Ce sont ensuite d’autres rencontres, la voix captivante de Jean Negroni (Apocalypse de Jean), le rock de Spooky Tooth (Ceremony), Beethoven ressuscité dans une Dixième symphonie, la poésie minérale de Roger Caillois (Pierres réfléchies), ou encore Lautréamont avec le feuilleton radiophonique Maldoror. Grisé par ses sons « concrets », Pierre Henry façonne le bruit en artisan. Il l’écoute, le recueille, le radiographie, le soupèse. Puis vient l’heure de la transformation. Le bruit se fait musique, métamorphosé dans une fantastique machine percussive armée de mille bras, une musique des sphères, un cri cybernétique adressé à l’au-delà. Après tant d’années, que reste-t-il ? Tout ou presque. Des oeuvres sauvées par la bande magnétique, faites de sons recueillis et transformés par la main de l’artiste, rangés dans des boîtes et archivés sur fiche, puis dans l’ordinateur. Au fil du temps, il s’est vu approché par nombres de musiciens rock (des Violent Femmes aux Rita Mitsouko) et, comme sa célèbre Messe, il a toujours répondu présent. L’homme avait la rondeur maîtrisée et l’oeil pétillant de malice de Francis Blanche, parlait d’une voix où, déjà, les sons, graves et aigus, semblaient être prélevés avec minutie.
Cette entretien, réalisé en 1997 à la veille de ses 70 ans, témoigne de la fraîcheur d’esprit d’un homme qui a révolutionné la musique mais a su demeurer un enfant joueur.
Malgré une formation classique au cours de laquelle vous avez étudié l’analyse avec Messiaen et la composition avec Nadia Boulanger, vous avez bifurqué vers la musique électro-acoustique. Quel a été le déclic ?

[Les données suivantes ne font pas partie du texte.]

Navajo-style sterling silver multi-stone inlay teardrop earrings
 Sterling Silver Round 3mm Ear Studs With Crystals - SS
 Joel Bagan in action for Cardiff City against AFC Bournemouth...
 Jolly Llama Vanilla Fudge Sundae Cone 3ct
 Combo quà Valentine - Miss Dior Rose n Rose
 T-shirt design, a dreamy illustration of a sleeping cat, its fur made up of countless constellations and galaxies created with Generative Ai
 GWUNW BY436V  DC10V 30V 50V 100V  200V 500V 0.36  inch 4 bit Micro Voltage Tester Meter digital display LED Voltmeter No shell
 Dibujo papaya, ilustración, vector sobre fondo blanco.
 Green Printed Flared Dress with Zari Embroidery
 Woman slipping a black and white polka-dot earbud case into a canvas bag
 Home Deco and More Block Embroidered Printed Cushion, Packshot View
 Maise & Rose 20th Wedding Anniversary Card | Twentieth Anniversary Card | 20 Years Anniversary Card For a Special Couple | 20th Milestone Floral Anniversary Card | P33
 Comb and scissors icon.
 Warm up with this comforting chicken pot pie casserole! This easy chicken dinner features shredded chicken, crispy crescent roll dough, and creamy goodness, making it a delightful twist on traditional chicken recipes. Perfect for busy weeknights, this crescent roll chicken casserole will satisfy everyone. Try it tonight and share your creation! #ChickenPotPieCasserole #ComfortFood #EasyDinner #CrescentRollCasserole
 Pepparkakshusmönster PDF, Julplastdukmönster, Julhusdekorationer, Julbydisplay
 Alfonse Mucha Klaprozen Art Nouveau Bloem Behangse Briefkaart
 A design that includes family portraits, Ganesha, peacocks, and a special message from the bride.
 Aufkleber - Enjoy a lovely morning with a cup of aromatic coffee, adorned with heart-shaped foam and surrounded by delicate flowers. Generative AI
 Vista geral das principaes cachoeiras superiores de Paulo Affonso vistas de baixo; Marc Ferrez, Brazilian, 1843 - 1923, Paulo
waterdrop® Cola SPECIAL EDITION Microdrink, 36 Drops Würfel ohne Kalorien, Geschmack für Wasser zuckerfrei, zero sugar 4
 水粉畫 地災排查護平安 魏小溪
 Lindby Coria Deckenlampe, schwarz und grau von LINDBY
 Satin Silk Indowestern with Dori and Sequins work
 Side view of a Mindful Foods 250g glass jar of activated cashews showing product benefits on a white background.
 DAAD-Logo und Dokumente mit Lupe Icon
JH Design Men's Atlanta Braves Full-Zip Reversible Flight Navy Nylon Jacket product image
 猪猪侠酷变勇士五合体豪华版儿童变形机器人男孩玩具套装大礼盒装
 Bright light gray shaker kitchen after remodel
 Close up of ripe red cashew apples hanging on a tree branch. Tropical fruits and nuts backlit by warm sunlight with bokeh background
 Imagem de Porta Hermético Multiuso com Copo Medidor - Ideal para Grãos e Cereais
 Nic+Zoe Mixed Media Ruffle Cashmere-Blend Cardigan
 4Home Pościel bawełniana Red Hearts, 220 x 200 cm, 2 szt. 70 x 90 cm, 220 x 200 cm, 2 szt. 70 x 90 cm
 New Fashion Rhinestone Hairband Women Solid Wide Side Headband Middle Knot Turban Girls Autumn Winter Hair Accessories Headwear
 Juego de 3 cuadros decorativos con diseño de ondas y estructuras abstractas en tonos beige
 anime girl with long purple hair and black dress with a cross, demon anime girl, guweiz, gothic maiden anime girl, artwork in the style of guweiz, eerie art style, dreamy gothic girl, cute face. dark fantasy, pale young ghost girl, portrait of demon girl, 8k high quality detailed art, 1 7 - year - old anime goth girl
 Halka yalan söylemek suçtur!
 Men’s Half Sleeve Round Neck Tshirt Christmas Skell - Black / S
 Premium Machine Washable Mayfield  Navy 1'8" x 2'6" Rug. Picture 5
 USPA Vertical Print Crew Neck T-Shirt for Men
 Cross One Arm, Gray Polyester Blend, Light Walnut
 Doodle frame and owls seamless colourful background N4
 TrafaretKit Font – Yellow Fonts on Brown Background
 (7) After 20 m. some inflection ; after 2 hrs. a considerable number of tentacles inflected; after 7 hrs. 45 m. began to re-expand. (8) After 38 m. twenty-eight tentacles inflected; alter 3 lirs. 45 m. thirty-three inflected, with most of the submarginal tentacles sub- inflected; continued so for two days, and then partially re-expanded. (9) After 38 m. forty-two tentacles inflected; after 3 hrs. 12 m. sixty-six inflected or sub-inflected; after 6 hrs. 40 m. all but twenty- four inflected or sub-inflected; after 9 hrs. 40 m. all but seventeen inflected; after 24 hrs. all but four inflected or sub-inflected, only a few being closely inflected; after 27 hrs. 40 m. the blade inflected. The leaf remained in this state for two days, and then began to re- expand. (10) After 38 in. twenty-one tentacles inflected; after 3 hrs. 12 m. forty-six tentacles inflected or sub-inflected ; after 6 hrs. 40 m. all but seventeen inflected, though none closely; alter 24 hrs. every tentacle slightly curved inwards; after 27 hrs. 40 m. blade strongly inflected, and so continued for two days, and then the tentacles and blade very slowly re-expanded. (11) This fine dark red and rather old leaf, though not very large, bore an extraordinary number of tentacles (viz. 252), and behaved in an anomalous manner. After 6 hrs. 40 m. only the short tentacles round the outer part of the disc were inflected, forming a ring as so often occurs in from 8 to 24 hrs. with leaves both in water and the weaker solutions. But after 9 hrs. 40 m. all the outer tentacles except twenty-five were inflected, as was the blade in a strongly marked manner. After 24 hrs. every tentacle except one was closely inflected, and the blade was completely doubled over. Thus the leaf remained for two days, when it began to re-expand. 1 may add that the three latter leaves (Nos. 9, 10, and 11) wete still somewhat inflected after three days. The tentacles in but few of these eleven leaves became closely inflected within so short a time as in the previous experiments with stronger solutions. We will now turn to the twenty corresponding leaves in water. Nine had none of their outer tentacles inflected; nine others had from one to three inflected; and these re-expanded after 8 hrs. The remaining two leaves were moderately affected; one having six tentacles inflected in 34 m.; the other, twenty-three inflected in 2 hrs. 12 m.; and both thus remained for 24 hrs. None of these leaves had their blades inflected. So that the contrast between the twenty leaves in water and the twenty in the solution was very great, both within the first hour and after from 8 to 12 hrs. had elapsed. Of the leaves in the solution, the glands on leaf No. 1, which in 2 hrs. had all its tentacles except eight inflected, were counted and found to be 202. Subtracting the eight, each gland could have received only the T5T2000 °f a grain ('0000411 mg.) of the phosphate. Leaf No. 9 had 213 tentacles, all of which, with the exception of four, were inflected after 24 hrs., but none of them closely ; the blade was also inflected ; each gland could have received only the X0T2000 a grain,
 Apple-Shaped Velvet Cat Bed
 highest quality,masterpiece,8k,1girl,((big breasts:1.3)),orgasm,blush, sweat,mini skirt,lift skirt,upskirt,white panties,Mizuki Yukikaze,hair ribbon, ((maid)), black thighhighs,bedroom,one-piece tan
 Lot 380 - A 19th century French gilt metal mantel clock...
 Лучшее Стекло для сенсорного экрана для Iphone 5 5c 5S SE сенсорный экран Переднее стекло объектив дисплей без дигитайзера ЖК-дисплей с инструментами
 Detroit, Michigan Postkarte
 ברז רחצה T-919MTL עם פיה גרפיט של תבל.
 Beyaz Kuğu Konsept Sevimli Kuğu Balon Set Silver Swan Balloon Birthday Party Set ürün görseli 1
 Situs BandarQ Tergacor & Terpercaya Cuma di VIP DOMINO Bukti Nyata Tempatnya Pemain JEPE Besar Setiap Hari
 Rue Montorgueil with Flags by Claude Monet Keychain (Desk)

Pierre Henry – J’avais choisi cette démarche avant même de rencontrer ces gens-là. Vouloir dépasser l’orchestre, trouver de nouvelles sonorités, ce n’était pas une idée nouvelle. Mais chez moi ce n’est pas passé par l’instrument : c’est passé par l’imagination, par une description mentale et poétique des sons. Et aussi par ma vie solitaire puisque je n’allais pas à l’école. J’habitais dans une maison à la campagne, située dans la forêt de Sénart, où il y avait tout ce qu’il fallait pour stimuler une imagination sonore. La maison se trouvait au milieu d’un grand jardin, avec une source, un étang, une basse-cour, une volière, une voie de chemin de fer un peu plus loin. Je recevais mes cours de précepteurs sous le contrôle très vigilant de mon père. Si j’ai souffert au début de cette vie plutôt carcérale, j’ai compris par la suite qu’elle m’avait poussé à me replier sur moi-même et à trouver un moyen d’évasion qui fut d’abord le son, puis la peinture et les livres. Je suis resté presque cloîtré dans ce lieu jusqu’à 9 ans, âge où je suis entré au Conservatoire. Enfant, j’avais dans la tête une typologie de sons. Je ne vais pas jouer au Mozart, mais le principe même du son inouï, c’est-à-dire du son non musical au départ et musical à l’arrivée, c’est arrivé très tôt, avant le Conservatoire. Ensuite, jouer dans les orchestres comme instrumentiste m’a beaucoup aidé pour imaginer des sons nouveaux et des façons nouvelles de présenter un accord.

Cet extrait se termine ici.